Assignment: The answer should be a faithful retyping of the records that follow, pictures excluded.
Extracted records START
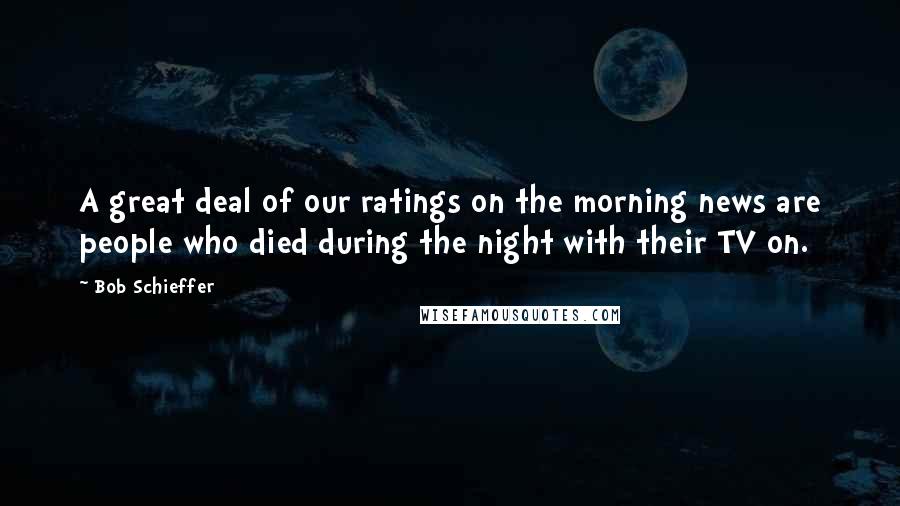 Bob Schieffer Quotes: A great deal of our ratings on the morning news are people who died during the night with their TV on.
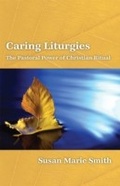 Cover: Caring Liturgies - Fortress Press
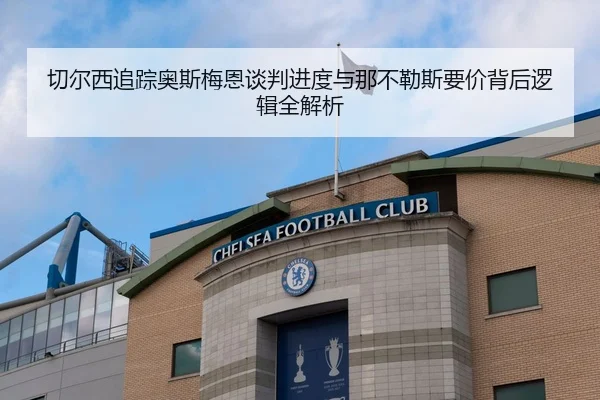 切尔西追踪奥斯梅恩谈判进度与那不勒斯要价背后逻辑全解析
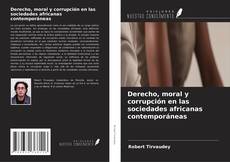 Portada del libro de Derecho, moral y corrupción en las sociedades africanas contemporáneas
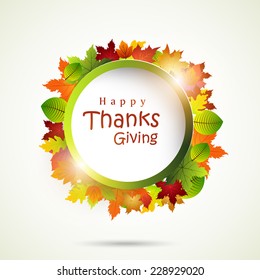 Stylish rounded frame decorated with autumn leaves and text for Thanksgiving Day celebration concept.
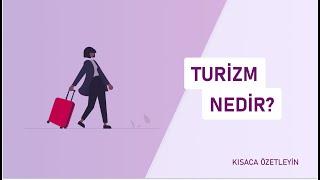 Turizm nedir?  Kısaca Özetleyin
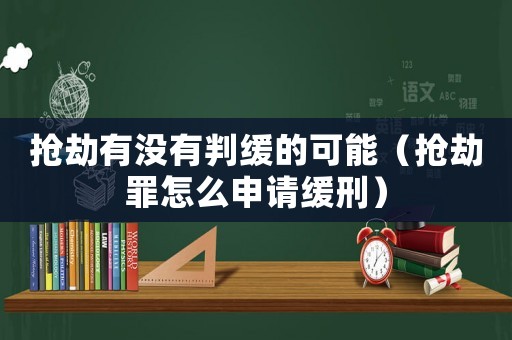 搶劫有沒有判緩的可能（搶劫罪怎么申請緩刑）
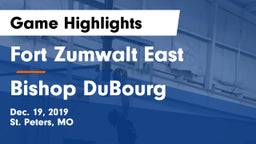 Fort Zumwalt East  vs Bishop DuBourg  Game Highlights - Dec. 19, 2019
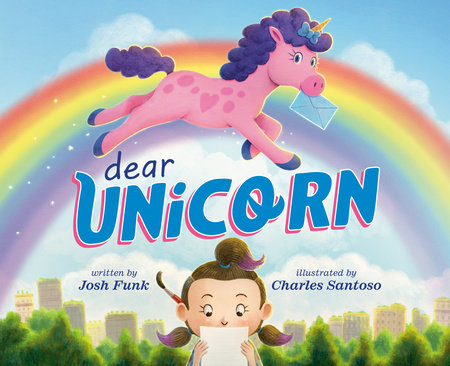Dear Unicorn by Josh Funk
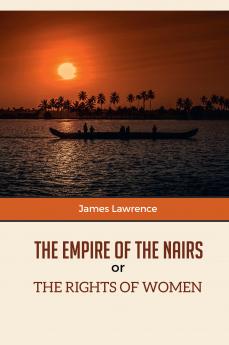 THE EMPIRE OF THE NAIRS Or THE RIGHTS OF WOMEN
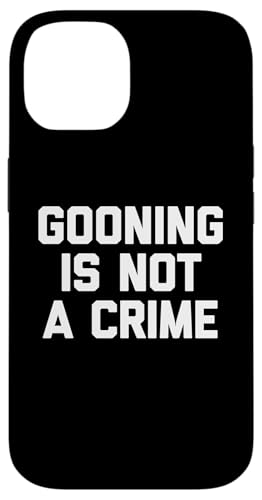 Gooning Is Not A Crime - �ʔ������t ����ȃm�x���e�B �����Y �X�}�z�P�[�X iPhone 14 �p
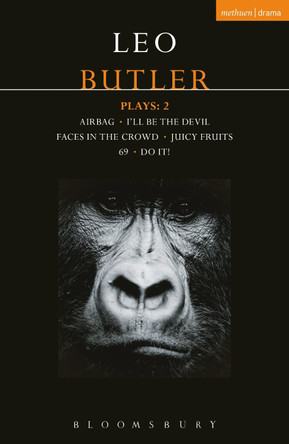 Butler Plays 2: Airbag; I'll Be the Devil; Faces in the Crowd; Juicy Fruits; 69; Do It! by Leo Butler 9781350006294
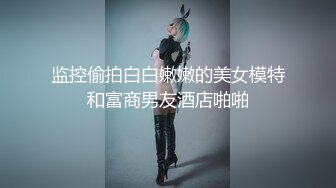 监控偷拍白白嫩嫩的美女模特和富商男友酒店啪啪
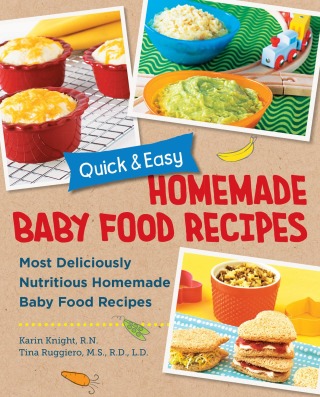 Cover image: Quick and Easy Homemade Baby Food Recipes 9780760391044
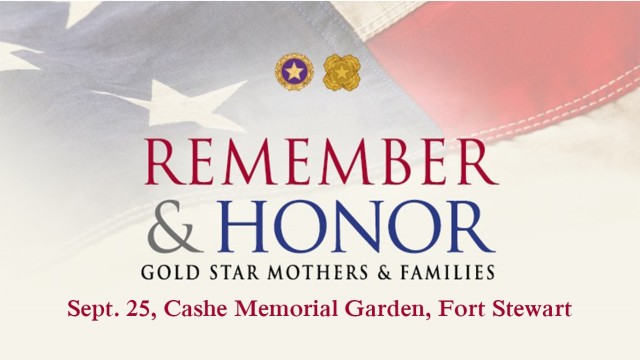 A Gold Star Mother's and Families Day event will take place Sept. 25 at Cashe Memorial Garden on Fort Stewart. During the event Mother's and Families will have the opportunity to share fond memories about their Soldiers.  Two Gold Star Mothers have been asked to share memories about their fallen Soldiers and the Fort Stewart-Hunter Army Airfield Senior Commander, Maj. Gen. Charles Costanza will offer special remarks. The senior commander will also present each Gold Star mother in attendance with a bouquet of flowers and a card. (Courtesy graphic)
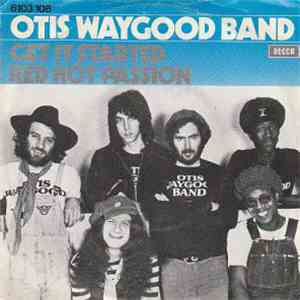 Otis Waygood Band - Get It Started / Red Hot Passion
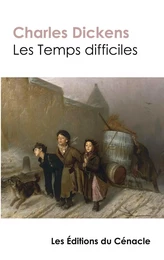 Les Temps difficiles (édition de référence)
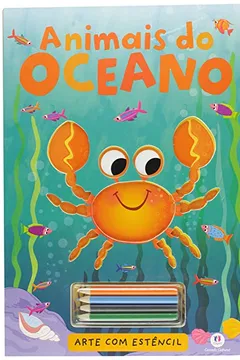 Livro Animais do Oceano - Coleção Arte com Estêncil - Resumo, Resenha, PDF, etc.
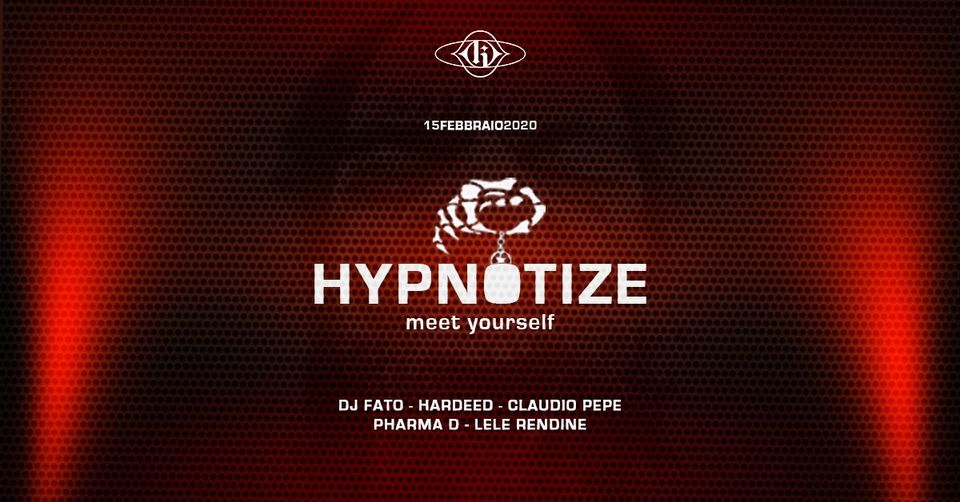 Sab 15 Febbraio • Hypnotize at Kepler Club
Extracted records END
The completed task:
 Bob Schieffer Quotes: A great deal of our ratings on the morning news are people who died during the night with their TV on.
 Cover: Caring Liturgies - Fortress Press
 切尔西追踪奥斯梅恩谈判进度与那不勒斯要价背后逻辑全解析
 Portada del libro de Derecho, moral y corrupción en las sociedades africanas contemporáneas
 Stylish rounded frame decorated with autumn leaves and text for Thanksgiving Day celebration concept.
 Turizm nedir?  Kısaca Özetleyin
 搶劫有沒有判緩的可能（搶劫罪怎么申請緩刑）
 Fort Zumwalt East  vs Bishop DuBourg  Game Highlights - Dec. 19, 2019
Dear Unicorn by Josh Funk
 THE EMPIRE OF THE NAIRS Or THE RIGHTS OF WOMEN
 Gooning Is Not A Crime - �ʔ������t ����ȃm�x���e�B �����Y �X�}�z�P�[�X iPhone 14 �p
 Butler Plays 2: Airbag; I'll Be the Devil; Faces in the Crowd; Juicy Fruits; 69; Do It! by Leo Butler 9781350006294
 监控偷拍白白嫩嫩的美女模特和富商男友酒店啪啪
 Cover image: Quick and Easy Homemade Baby Food Recipes 9780760391044
 A Gold Star Mother's and Families Day event will take place Sept. 25 at Cashe Memorial Garden on Fort Stewart. During the event Mother's and Families will have the opportunity to share fond memories about their Soldiers.  Two Gold Star Mothers have been asked to share memories about their fallen Soldiers and the Fort Stewart-Hunter Army Airfield Senior Commander, Maj. Gen. Charles Costanza will offer special remarks. The senior commander will also present each Gold Star mother in attendance with a bouquet of flowers and a card. (Courtesy graphic)
 Otis Waygood Band - Get It Started / Red Hot Passion
 Les Temps difficiles (édition de référence)
 Livro Animais do Oceano - Coleção Arte com Estêncil - Resumo, Resenha, PDF, etc.
 Sab 15 Febbraio • Hypnotize at Kepler Club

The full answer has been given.